Wait, bukankah plothole adalah hal yang lumrah? Ya, karena tidak ada film yang sempurna. Saya memiliki masalah yang sama dengan Deadpool, flashy dumb action movie with serious story problem. Bedanya mereka mawas diri dan membuat film yang sesuai dengan temanya, full of humor and violence. BvS di sisi lain mengangkat premis berat, aksi dan reaksi akan hadirnya sosok omnipoten di antara umat manusia dengan dialog penuh filosofi. You see, this film takes itself too seriously.
Billionaire vs Immigrant. Mari berharap Bruce tidak nyapres untuk US Election 2020.
The Verdict
Pada akhirnya film ini ada hanya untuk menjalankan tujuan aslinya, sebagai marketing device Warner Bros dalam menghadirkan DC Extended Universe. Pertaruhan besar studio agar tetap relevan dalam berkompetisi dengan film superhero tetangga. Alih-alih membangun universe dengan mengeluarkan film solo untuk tiap heronya, studio memutuskan membuat satu launching pad berisi 3 hero utama plus bocoran akan hero lainnya yang telah eksis dalam universe mereka untuk kemudian berkumpul dalam installment berikutnya, Justice League. Sekali dayung dua, tiga film terlampaui. Ide yang brilian dan cukup beresiko. Mengingat mereka telah mengumumkan hingga 10 judul film DC Superhero yang akan muncul tiap tahunnya hingga 2020 setelah film ini tayang. Ambisius. Amat disayangkan eksekusi BvS gagal dengan mengenaskan. Paling tidak dari segi kualitas. Satu kata untuk menggambarkan blockbuster ini. Hampa. Silau akan special effect dan lapisan plot yang terlalu padat tanpa fondasi cerita yang kuat. Saya bahkan tidak bisa penuh menikmati karena banyaknya adegan cringeworthy sepanjang film. Semoga Warner Bros dan DC mempertimbangkan kembali posisi Zack Snyder dalam konstelasi perfilman mereka. He won’t cut it as another DCEU director.

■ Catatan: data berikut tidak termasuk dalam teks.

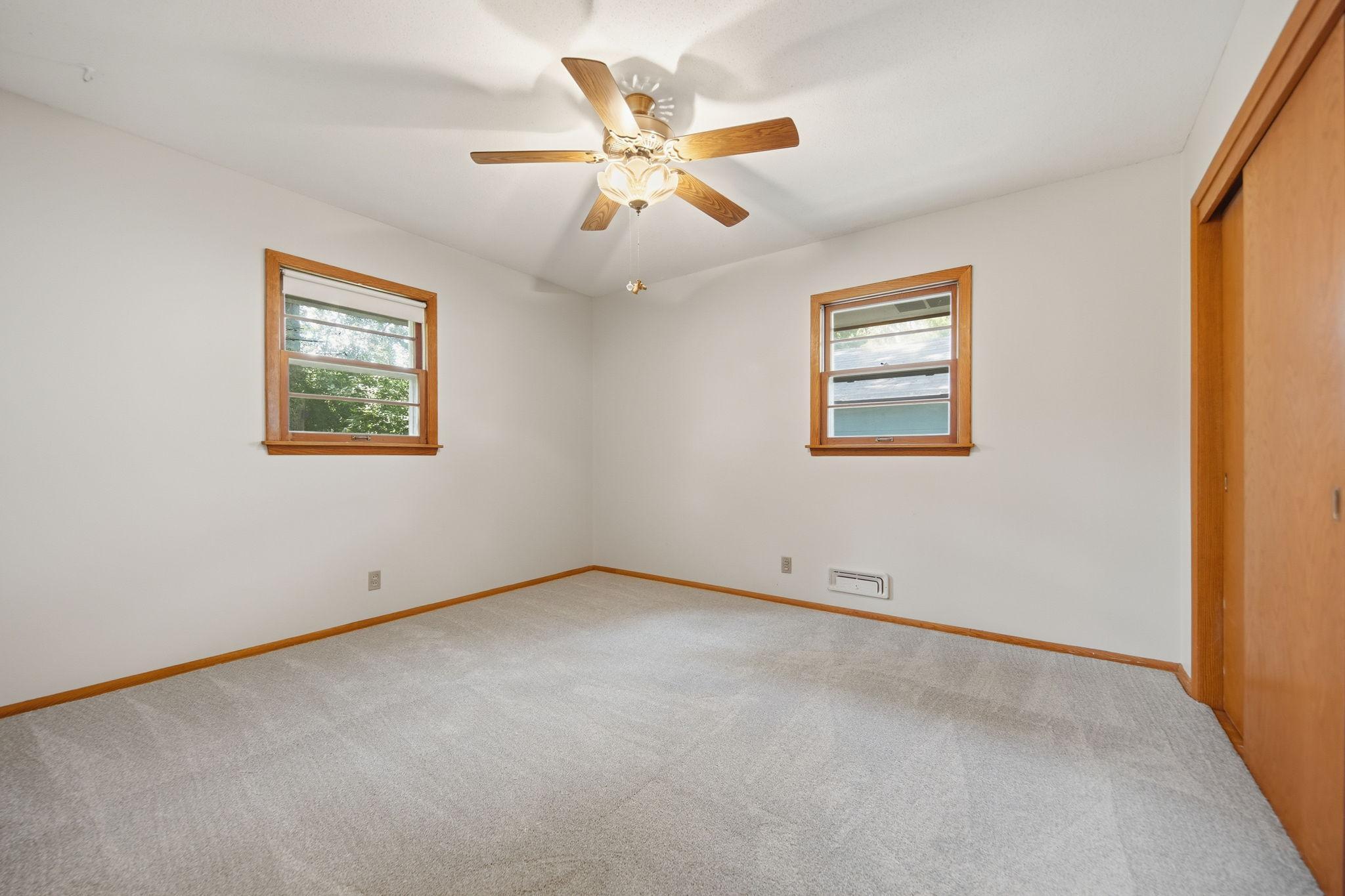 3511 Zane Avenue North Crystal, MN 55422 - Photo 25 of 39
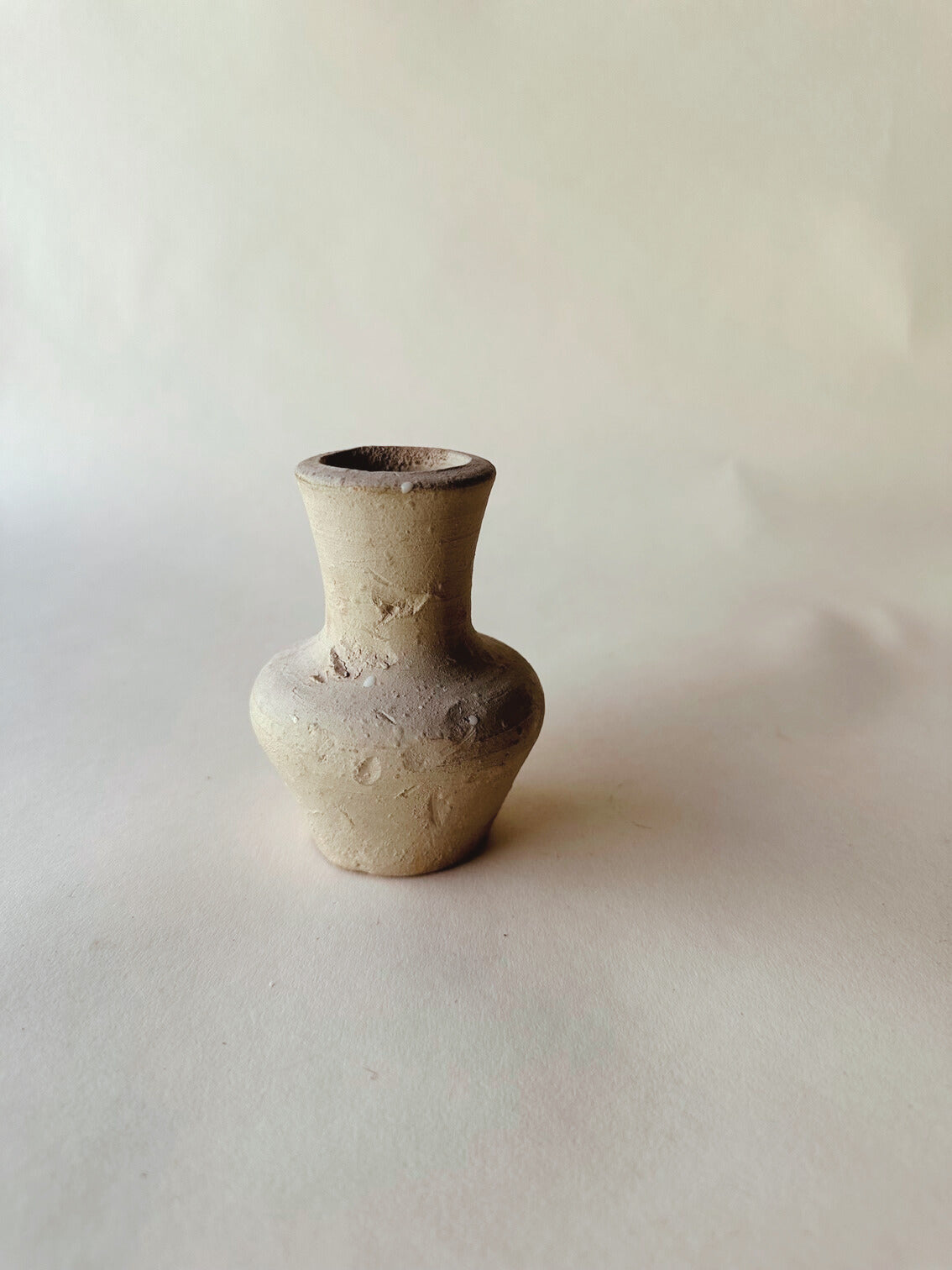 White meadow pottery bud vases ~ small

Sebagai tambahan, basi rasanya membandingkan tone gelap BvS dengan film studio sebelah. Ataupun berpikir bahwa film ini ditujukan semata-mata untuk penggemar setia komiknya. Keduanya tak bisa dijadikan justifikasi layak tidaknya film dikatakan bagus. Guardian of the Galaxy dan Sin City adalah contoh nyata. GotG dengan tone yang fun dan Sin City dengan warna yang lebih kelam sukses membuat penonton terhibur dengan plotnya yang solid. Dan saya yakin penggemar setia komiknya hanya sebagian kecil dari khalayak yang menikmati kedua judul diatas.
If there’s any justice, BvS is just a mediocre movie at its best.
“It’s okay, I’m a friend of your son.” – Batman. Merasa penjelasannya cukup untuk nenek yang hampir mati terbakar agar tidak selanjutnya mati ketakutan.